### Exercise instructions
Retype word for word the line containing "1220 GROVE AVE, Shady Side, MD 20764" and each line that follows it in the records below, through the last one, with no pictures.

(Data extracted from a collection)
....
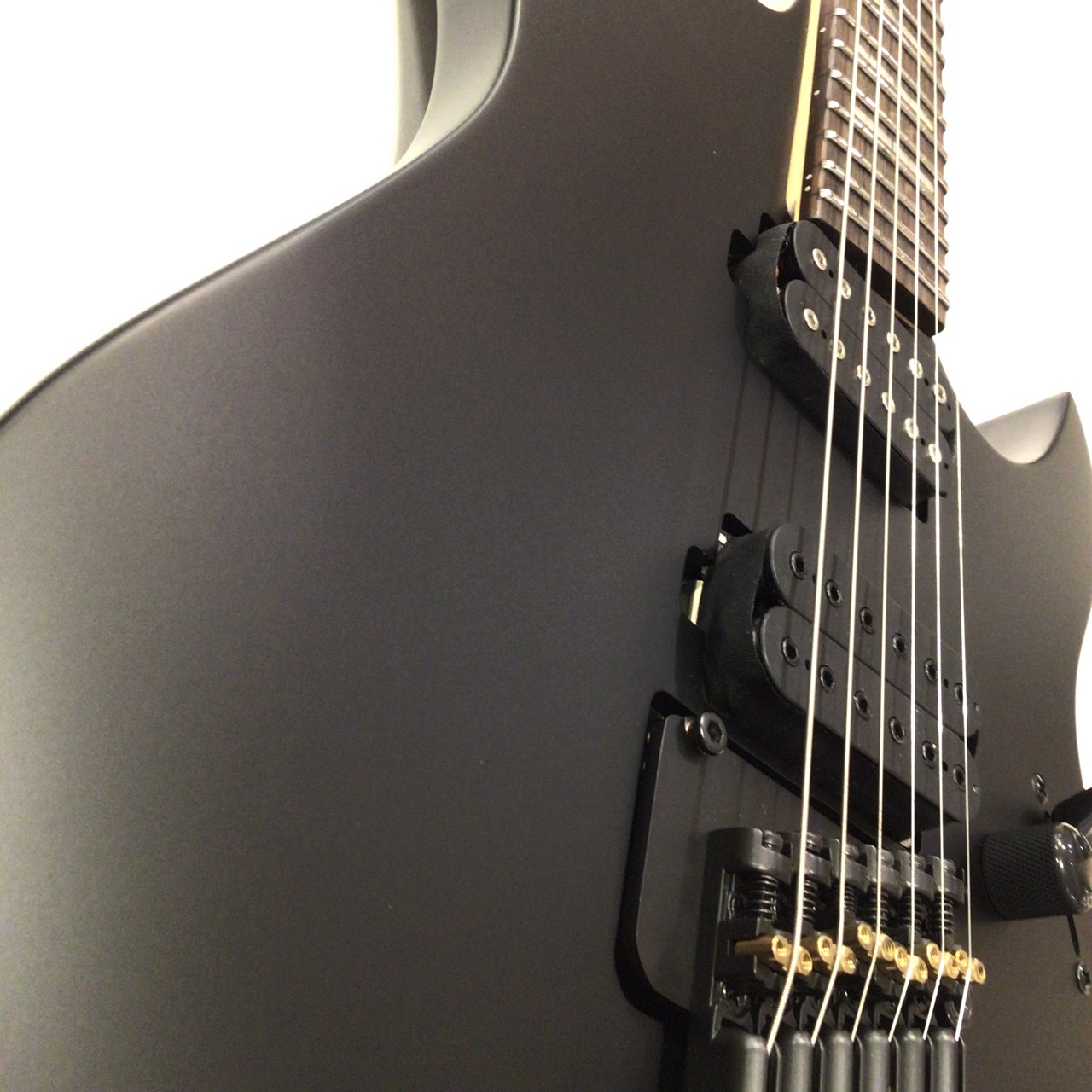 Sire Larry Carlton X6 6-String Headless Black Satin【ラリー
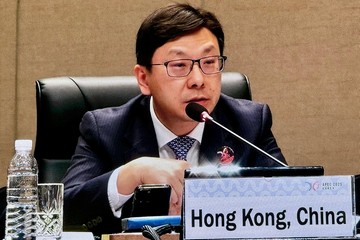 勞工及福利局局長孫玉菡今日(五月十二日)在韓國濟洲出席第七屆亞太區經濟合作組織人力資源開發部長級會議,並在兩場全體會議上發表主題演說。圖示孫玉菡在今日下午的會議就「應對未來工種及積極勞動市場政策」發表演說。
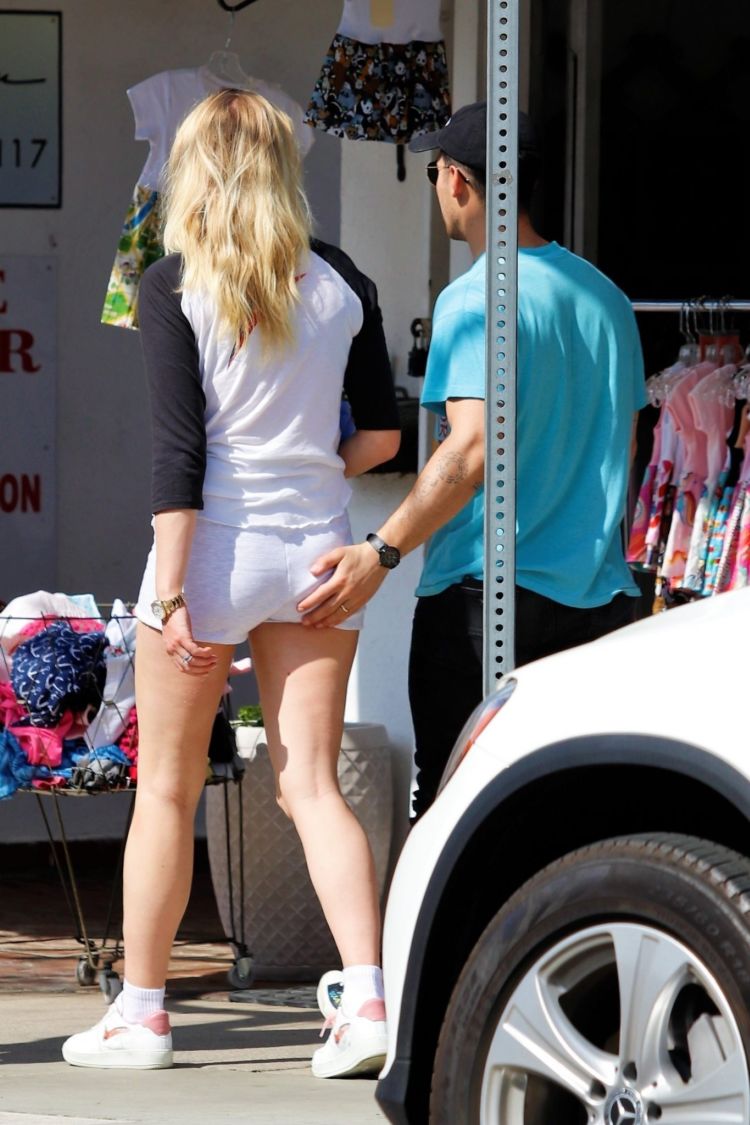 Sophie Turner Out On A Lunch Date In Studio City
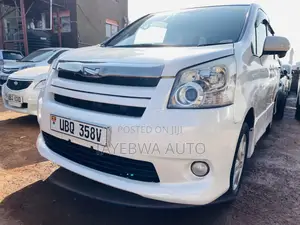 Toyota Noah 2.0 143hp AWD (8 Seater) 2010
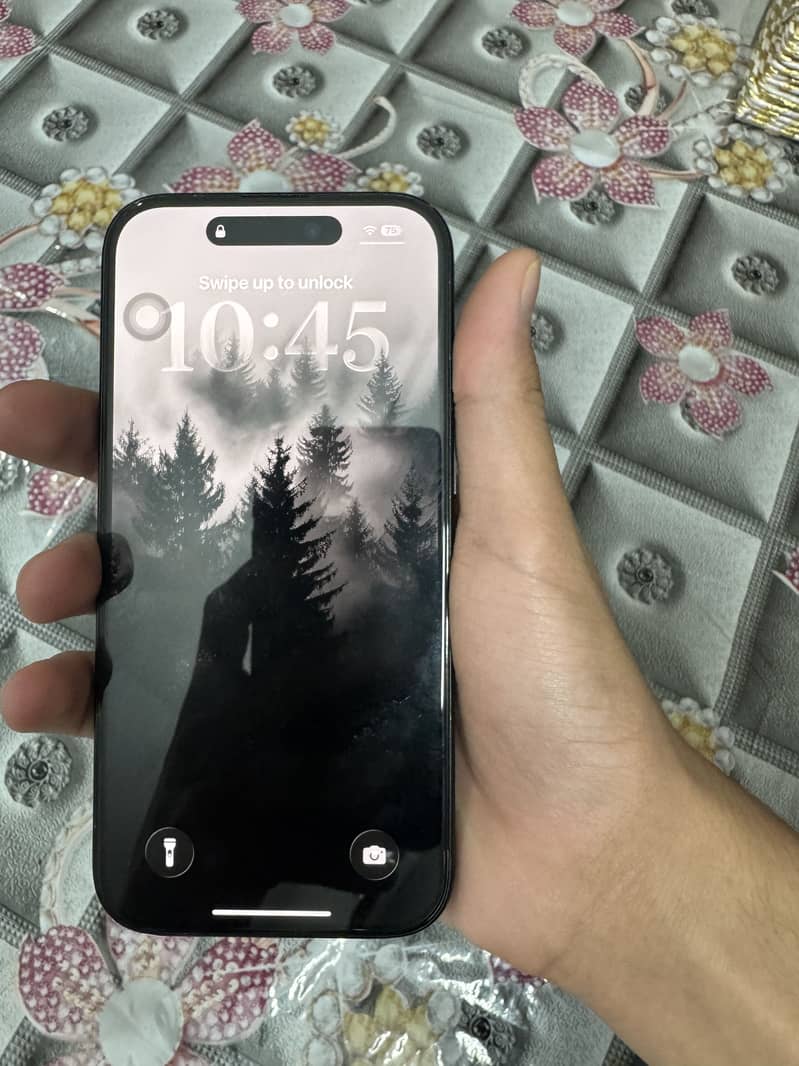 Apple iPhone 15 2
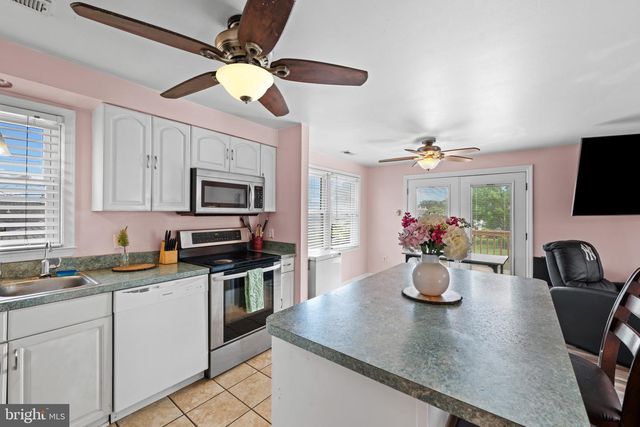 1220 GROVE AVE, Shady Side, MD 20764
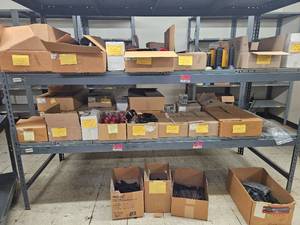 lot 123058 image: Assorted Lot of Thread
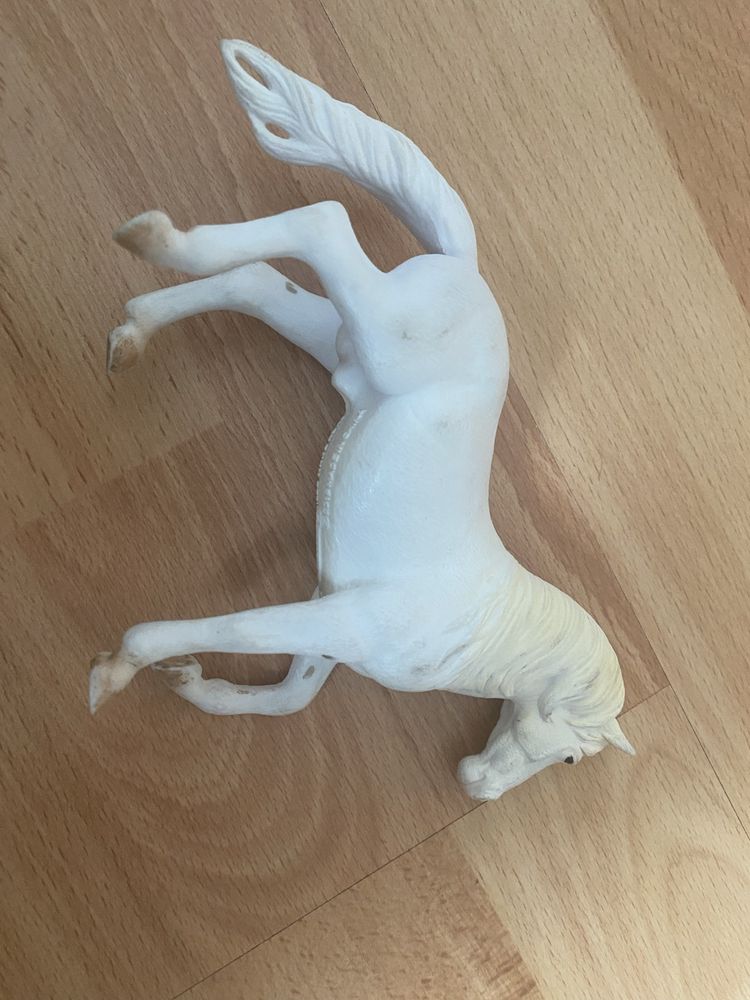 Koń kucyk Collecta Camarillo White Horse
....
### Answer box
 1220 GROVE AVE, Shady Side, MD 20764
 lot 123058 image: Assorted Lot of Thread
 Koń kucyk Collecta Camarillo White Horse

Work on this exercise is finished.